As to your question on hand clearance, unless you are hammer fisting it instead of doing a proper pinch grip, most of your clearance comes from the blade height of which there should be no issue with on a 2" blade and then the blade angle in relation to the cutting board and handle. A downward angled handle will only have an impact on it from being angled down to far which would be uncomfortable anyways. Another brand to look at would be ErgoChef. There knives are all designed around having a hat sort of handle. This is what I have observed. The grips are one of the most important parts though, as your hand in the pinch grip sits on the first 2.5" - 4" depending on the balance point of the knife.
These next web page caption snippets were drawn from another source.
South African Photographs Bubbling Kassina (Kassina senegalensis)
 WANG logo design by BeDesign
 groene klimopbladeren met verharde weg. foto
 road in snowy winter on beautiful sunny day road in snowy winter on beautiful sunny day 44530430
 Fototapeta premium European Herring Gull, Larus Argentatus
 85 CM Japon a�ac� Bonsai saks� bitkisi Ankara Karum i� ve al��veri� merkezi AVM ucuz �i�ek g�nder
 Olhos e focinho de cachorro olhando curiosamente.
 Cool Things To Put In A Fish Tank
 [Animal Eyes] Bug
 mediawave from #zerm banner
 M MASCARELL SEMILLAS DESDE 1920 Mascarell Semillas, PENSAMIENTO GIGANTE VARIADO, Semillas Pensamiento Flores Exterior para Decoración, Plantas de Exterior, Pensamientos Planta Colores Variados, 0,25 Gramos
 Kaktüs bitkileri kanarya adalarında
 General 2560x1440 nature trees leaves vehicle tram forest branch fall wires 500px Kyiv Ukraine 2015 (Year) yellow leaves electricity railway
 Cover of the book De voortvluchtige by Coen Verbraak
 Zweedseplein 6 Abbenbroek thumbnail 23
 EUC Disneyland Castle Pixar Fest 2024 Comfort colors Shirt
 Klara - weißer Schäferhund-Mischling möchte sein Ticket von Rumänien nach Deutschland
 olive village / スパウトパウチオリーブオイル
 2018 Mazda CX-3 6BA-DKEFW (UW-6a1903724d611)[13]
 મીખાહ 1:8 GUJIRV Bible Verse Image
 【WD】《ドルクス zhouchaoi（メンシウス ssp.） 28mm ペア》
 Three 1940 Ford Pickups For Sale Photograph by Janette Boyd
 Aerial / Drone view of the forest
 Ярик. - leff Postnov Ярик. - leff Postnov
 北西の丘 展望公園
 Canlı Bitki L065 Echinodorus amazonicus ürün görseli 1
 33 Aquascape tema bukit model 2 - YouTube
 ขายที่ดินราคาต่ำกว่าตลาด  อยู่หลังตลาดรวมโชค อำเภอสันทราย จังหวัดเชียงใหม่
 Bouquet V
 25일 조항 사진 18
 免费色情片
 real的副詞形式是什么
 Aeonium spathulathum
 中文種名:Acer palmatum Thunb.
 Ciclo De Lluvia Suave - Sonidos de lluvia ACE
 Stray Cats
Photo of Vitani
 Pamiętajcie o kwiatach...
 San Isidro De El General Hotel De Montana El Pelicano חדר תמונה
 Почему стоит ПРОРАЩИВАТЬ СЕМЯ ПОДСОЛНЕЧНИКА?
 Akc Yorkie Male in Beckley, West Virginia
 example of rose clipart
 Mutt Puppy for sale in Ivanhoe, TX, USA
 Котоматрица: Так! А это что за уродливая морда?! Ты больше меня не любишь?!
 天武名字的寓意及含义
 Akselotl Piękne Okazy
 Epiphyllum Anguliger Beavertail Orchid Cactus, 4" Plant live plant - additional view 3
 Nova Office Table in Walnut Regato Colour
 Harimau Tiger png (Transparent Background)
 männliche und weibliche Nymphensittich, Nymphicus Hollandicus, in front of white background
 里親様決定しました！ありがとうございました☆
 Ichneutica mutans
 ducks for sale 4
That would be compared to a hammer grip that takes up most of the handle normally and does not provide nearly the same level of control, accuracy, and safety as a pinch grip with good bear claw technique. That being said, I have not actually made knives, just refurbished, sharpened, and thinned them. I do try to ask people about their experiences with knives, I do follow up with customers to see how well the edge is holding up to see if I need to do stuff better so they get a better lasting edge, and I try to use every knife I get and see how they feel in actual use. I am going to get the outline made in wood and see how that feels. If you have any good suggestions on what might help the handle function better, I am open, as it seems you have a good deal of experience in knife making and know what you are talking about. I also definitely agree on having it be completely flat on further thought, as I just tried a Tramontia professional chefs knife that has that and it sticks really bad on the rocking. I think a big part of it is the extra friction from more edge contact, and the other would be that more edge is able to bite I to the wood at once, and thus necessitates more force be used to rock it back and forth instead of being a smooth flow which comes from as said even a slight curvature that helps reduce how much edge is in contact with the board at any one time.On this particular knife I am going to try to have it centered just behind the transition line between the handle and the rest of the knife.

I was wondering if you have any experience working with Jarod, and then how good of a job does he do with doing heat treating? I have seen him, Pete's, and one more that have been recommended, and that people did not seem to have issues with.

And again, thanks for all the help and helpful critiques! I greatly appreciate it!